Fresh off his primary win which toppled an entrenched incumbent and also bested two challengers, Christian Giggenbach, the Democratic nominee for Greenbrier County Commission, has completed ethics training provided by the West Virginia Ethics Commission.
Giggenbach recently made the two-hour trip to Braxton County where the ethics training was held at the Gassaway Town Hall.
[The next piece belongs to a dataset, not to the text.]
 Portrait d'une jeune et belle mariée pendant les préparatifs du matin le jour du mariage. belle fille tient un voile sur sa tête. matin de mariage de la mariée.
The ethics training was taught by C. Joan Parker, the executive director of the West Virginia Ethics Commission.
A few of the topics broached during the training session concerned the prohibition against the use of public office for private gain, the rule against public servants accepting gifts worth over $25, and the legalities of public contracts in relation to office holders.
During the primary, Giggenbach made ethics and government transparency a cornerstone of his campaign.
“We need ethical leadership at the county commission level,” Giggenbach said. “If we are going to fix the problems of our county government, this is the first place to start.”
Giggenbach intends to speak about ethics in Greenbrier County politics during a series of Town Hall meetings later this year where Giggenbach will unveil his plan for Greenbrier County.
“Old-style politics has cost the Greenbrier County taxpayer a considerable amount of money and has wasted time that could be better spent on fixing problems,” Giggenbach said. “It’s a terribly inefficient way to run government.”